Head of project at IESF:Dr. Karen Petry
IESF staff entrusted with this project:
Period of research:
December 2014 – October 2015, April 2016 - February 2017
terres des hommes international
Public awareness of the impact of Mega Sporting Events on children rights is a recent phenomenon and it shows considerable variation between countries. This research was conducted in order to collect evidence and increase awareness on direct and indirect effects of Mega Sporting Events (MSEs) to mitigate risks and enhance opportunities for children. It outlines differences between 12 countries (Brazil, France, Germany, India, Italy, the Netherlands, Russia, South Africa, Spain, Switzerland, the United States and the United Kingdom), and examines how media covered the Mega Sporting Events (MSEs) and their impact on human rights and particular on children rights.
In a first phase, media resources from the 1st of January to the 31st of December 2014 were scrutinized and peaks as well as lows in media attention were identified and related to three MSEs: the Sochi 2014 Olympic Games, the 2014 FIFA World Cup Brazil(TM) and the Glasgow 2014 Commonwealth Games.

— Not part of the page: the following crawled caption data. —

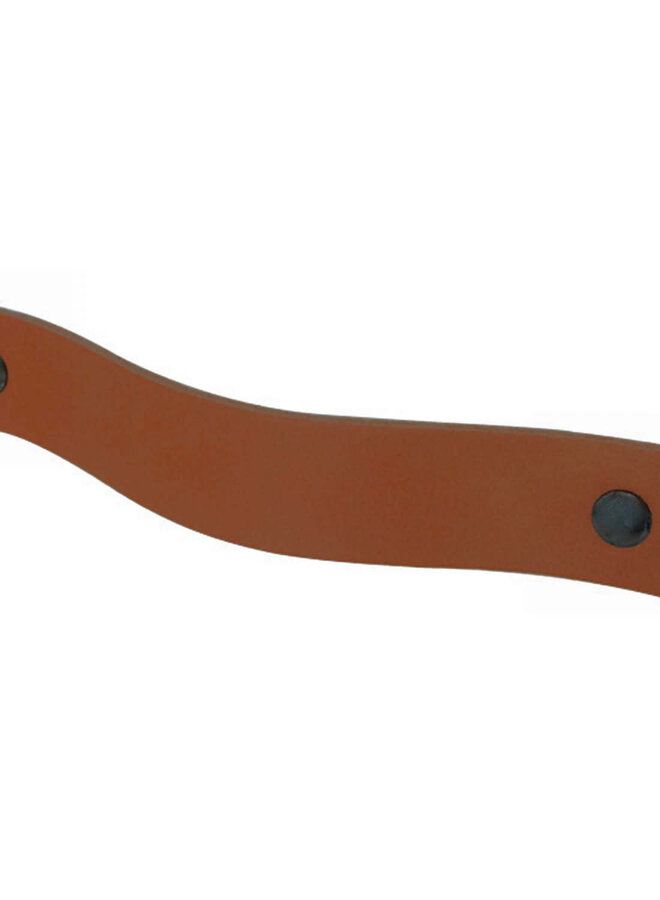 Leren handgrepen (set 2 stuks) (voor op een commode, ladekast, keukenkast etc)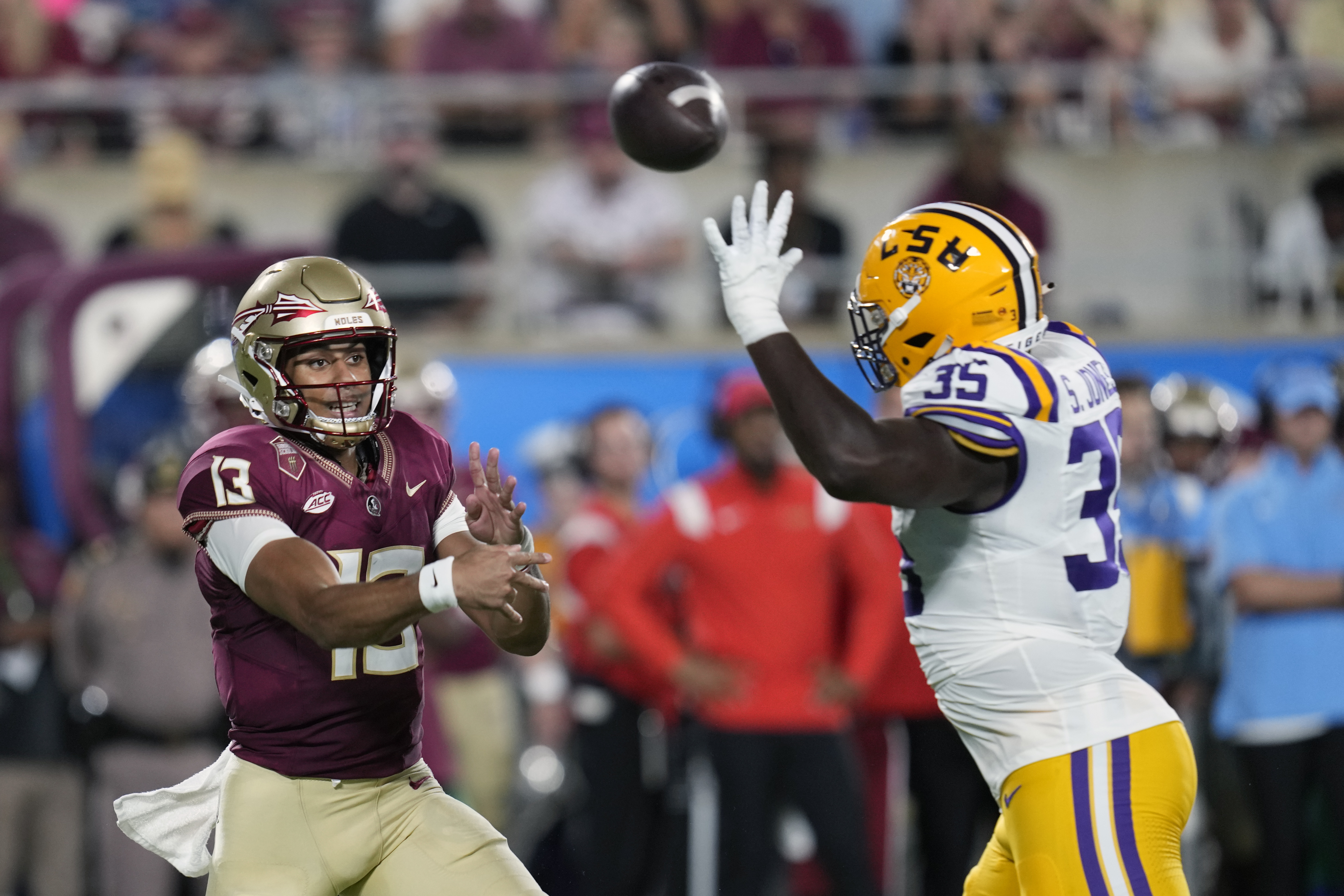 No. 8 Florida State thumps No. 5 LSU 45-24 in marquee matchup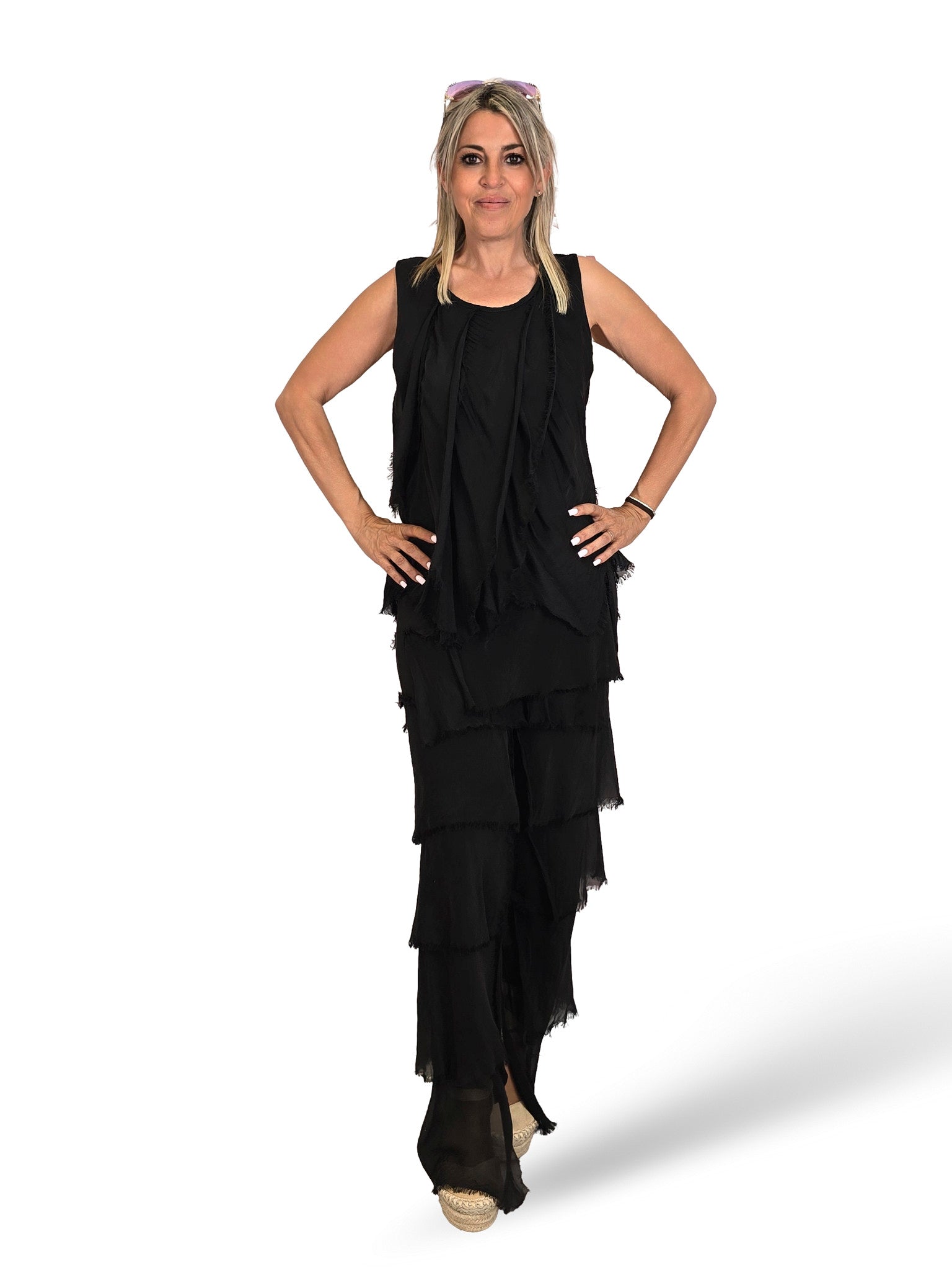 TOP GASA CAPAS DESHILACHADO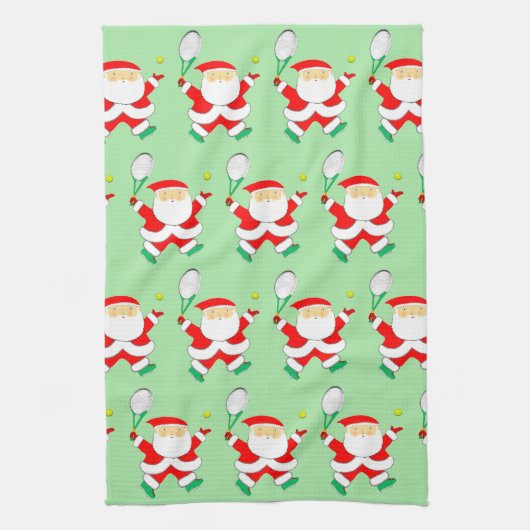 Tennis Kerstmis Theedoek (Verticaal)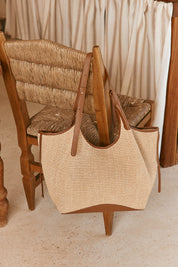 Romy Resort Shopper Tote Tan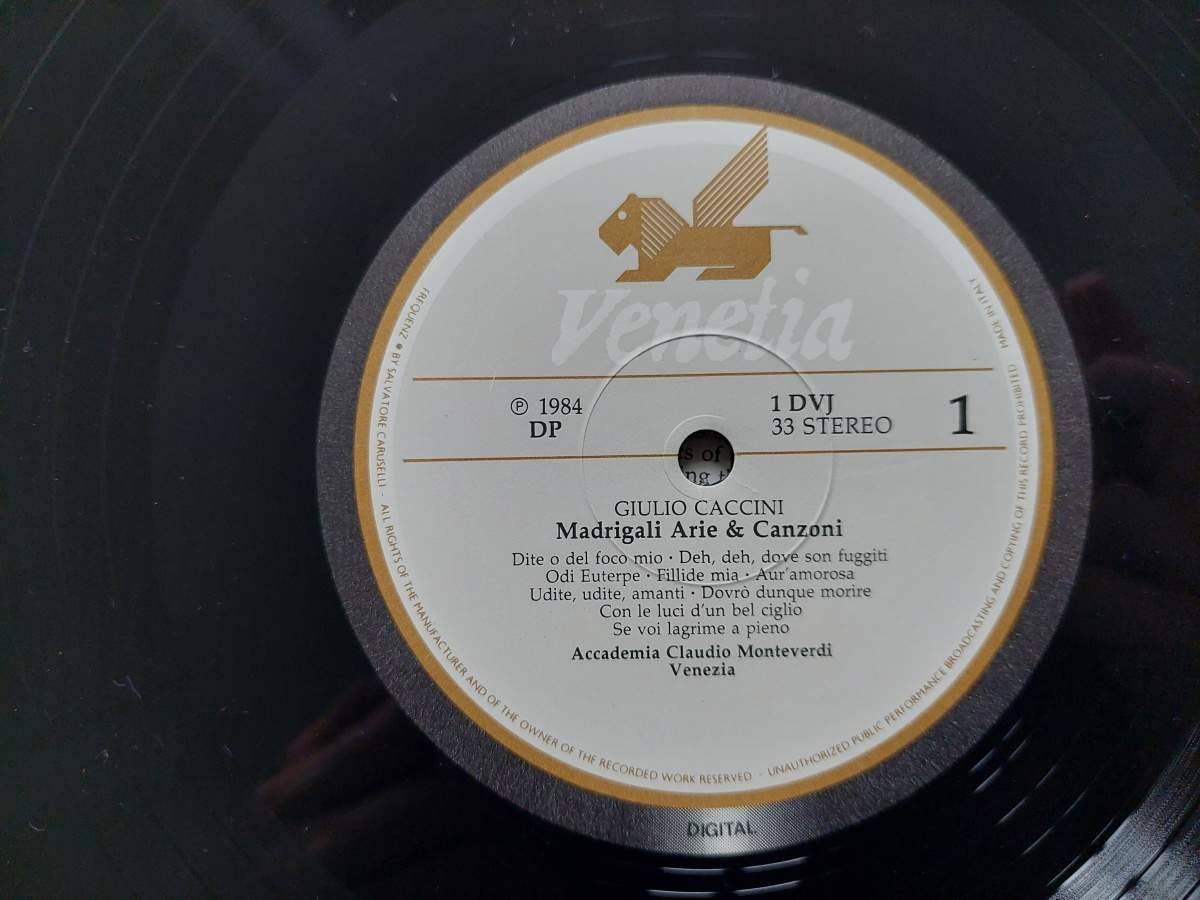 LP Giulio Caccini Madrigali Arie & Canzoni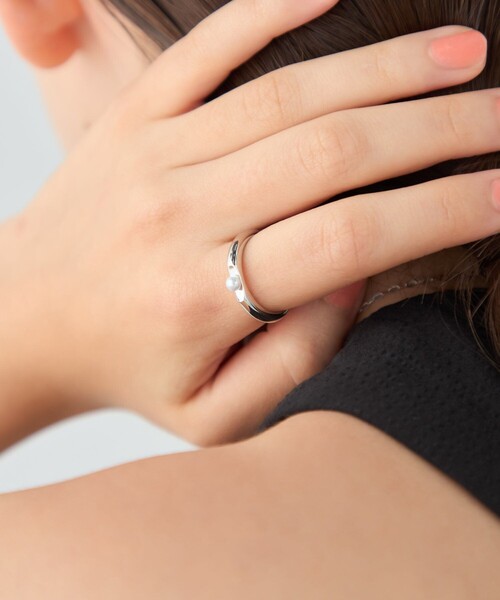ete（エテ）の「[シェア] パール リング（リング・レディース・イエローゴールド/プラチナム・7号/15号/13号/11号/9号）」の7枚目の写真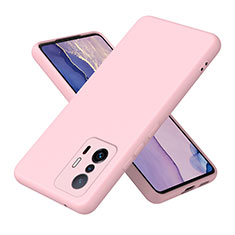 Funda Silicona Ultrafina Goma 360 Grados Carcasa H01P para Xiaomi Mi 11T 5G Oro Rosa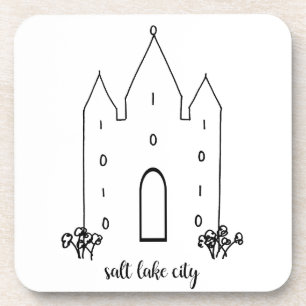 Dessous-de-verre salt lake city utah temple simple modern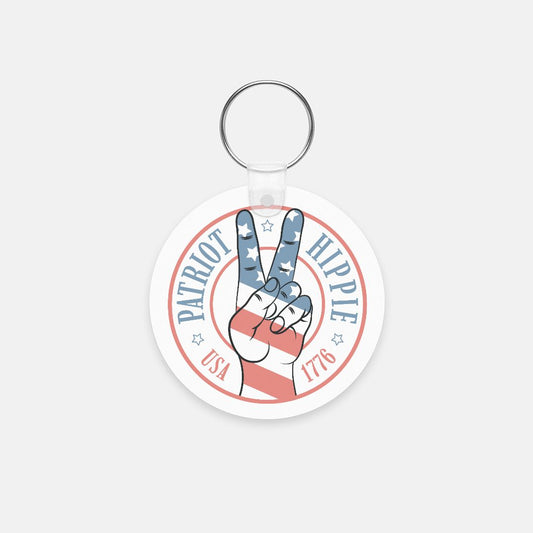 Patriot Hippie "Hand of Peace" Key Chain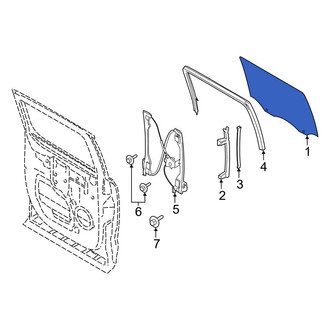 Ford OE - Front Left Door Glass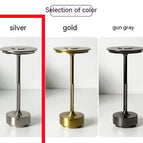 Touch Three Colors / Knurled Table Lamp Silver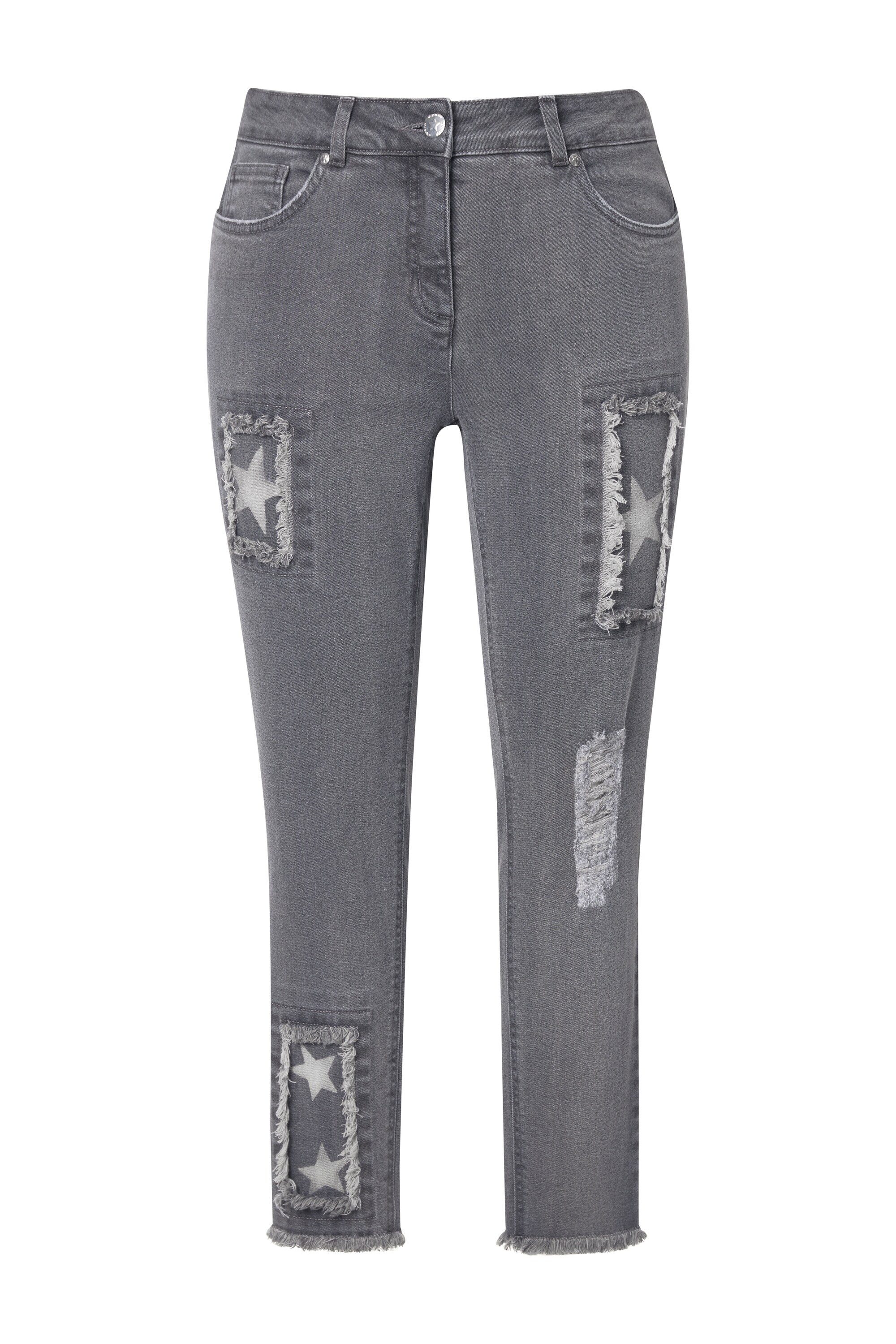 Angel of Style 5-Pocket-Jeans Skinny-Jeans Slim Fit Sterne- Destroy-Patches günstig online kaufen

In the countries with a high awareness, indirect threats are widely reported and in-depth accounts of mechanisms directly violating children rights, such as poverty or sexual exploitation, are not rare. This leads to the conclusion that the opportunities for promoting children rights in these countries are much better than in countries with minimal awareness. Overall, this study can direct orientations for further research and potential guidance for advocacy activities. The results suggest that certain countries could benefit from more advocacy and awareness campaigns surrounding the issue of children rights and MSEs. A campaign in Russia, with its lack of pressfreedom, may be ineffectual, targeting Italy, Spain, India or South Africa could be more effective here.
Concerning the factors, economic as well as structural factors are mentioned most often and relate to the effects of poverty. In most cases, reports on sexual exploitation and child labour mention economic conditions as one of the causal factors. To sum up, the results of this exploratory study raise a lot more questions for future research using different news outlets, different mediums or different countries would help further our understanding of how the media reports on this topic: First, it would be advisable to check the reliability of the results, preferably in the countries of high awareness and therefore presumably more stable patterns. Second, there is a need for more research, e.g. in order to compare the same country as a host and as a non-host country. This survey can provide as baseline for future comparison and it will be quite interesting to evaluate the effect against the baseline of these results. All of this is realistic in a second wave focusing on the Rio 2016 Olympic Games or with the same set of MSEs again in 2016.
The second phase focusses on media coverage concerning children rights around the World Youth Olympics in Lillehammer, the Euro in France, the Copa America Centenario in the United States of America and the Summer Olypmics 2016 in Rio de Janeiro.